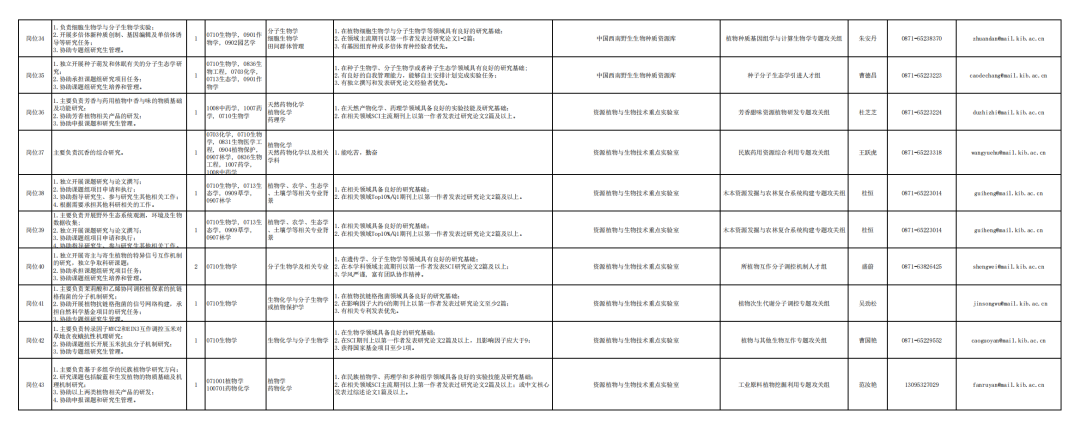 昆明五华发布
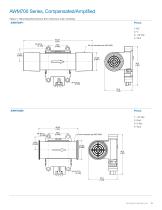 AWM700 Series, Compensated/Amplified - 5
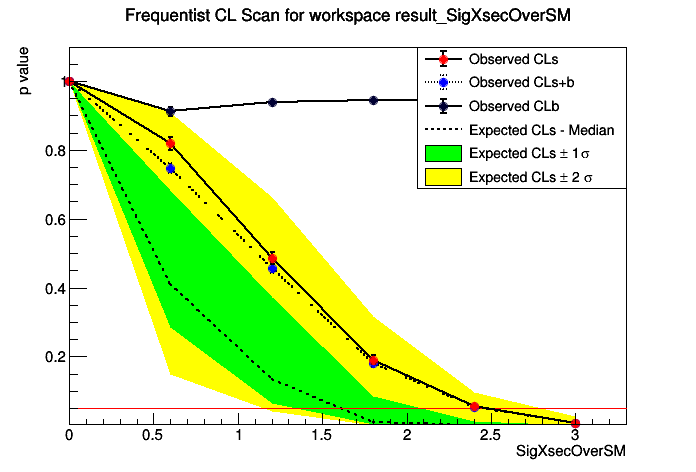 pict1_StandardHypoTestInvDemo.C.png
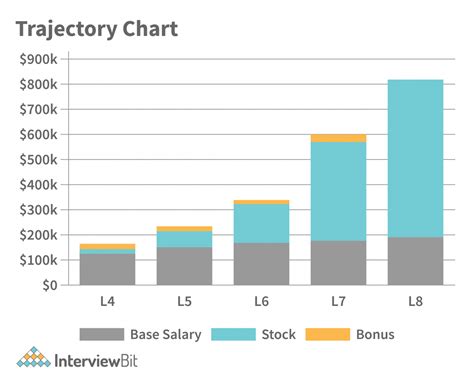 Decoding the L4 Amazon Salary: A Comprehensive Guide for 2024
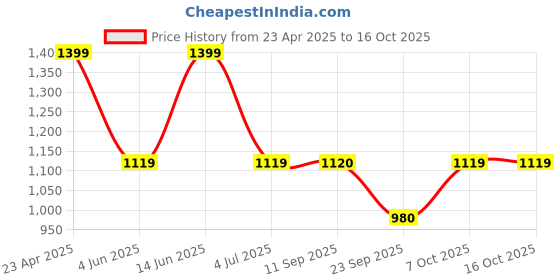 myntra.com Duke Men Slim Fit Clean Look Light Fade Stretchable Jeans duke Price History Graph from 23 Apr 2025 to 16 Oct 2025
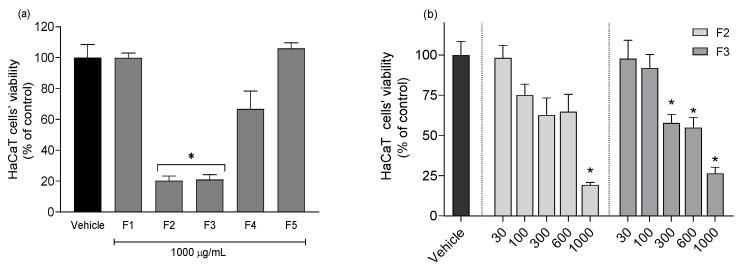 https://cdn.ncbi.nlm.nih.gov/pmc/blobs/fce3/10525542/714da6e6778a/antioxidants-12-01684-g003.jpg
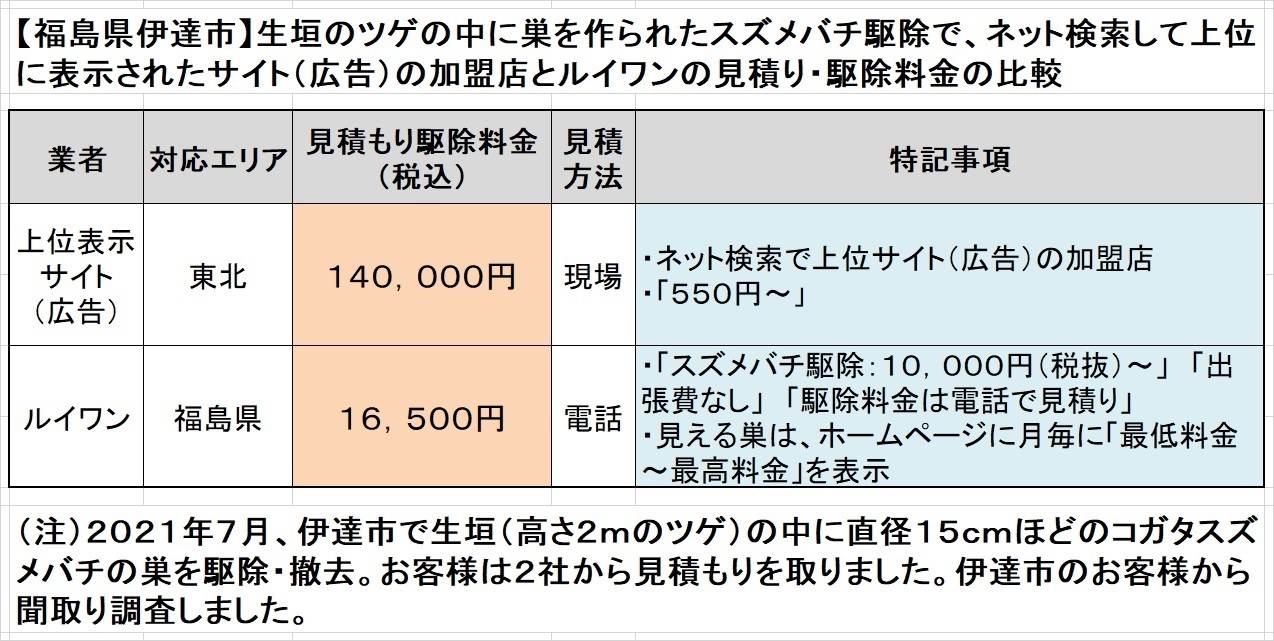 福島県伊達市でスズメバチの駆除料金比較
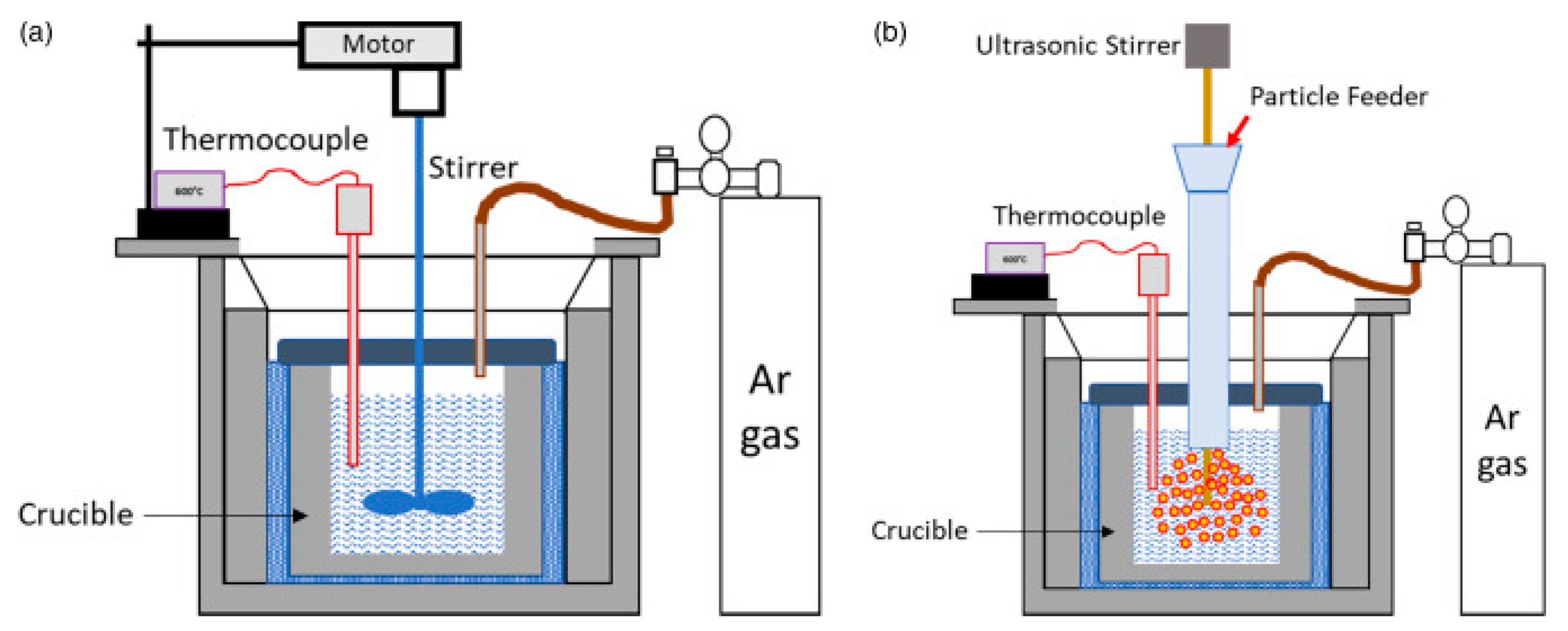 Technologies 10 00032 g005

• **EXERCISE BRIEF**
Output every line above exactly as it stands, and drop any picture.

• **ANSWER TO THE EXERCISE**
 昆明五华发布
 AWM700 Series, Compensated/Amplified - 5
 pict1_StandardHypoTestInvDemo.C.png
 Decoding the L4 Amazon Salary: A Comprehensive Guide for 2024
 myntra.com Duke Men Slim Fit Clean Look Light Fade Stretchable Jeans duke Price History Graph from 23 Apr 2025 to 16 Oct 2025
 https://cdn.ncbi.nlm.nih.gov/pmc/blobs/fce3/10525542/714da6e6778a/antioxidants-12-01684-g003.jpg
 福島県伊達市でスズメバチの駆除料金比較
 Technologies 10 00032 g005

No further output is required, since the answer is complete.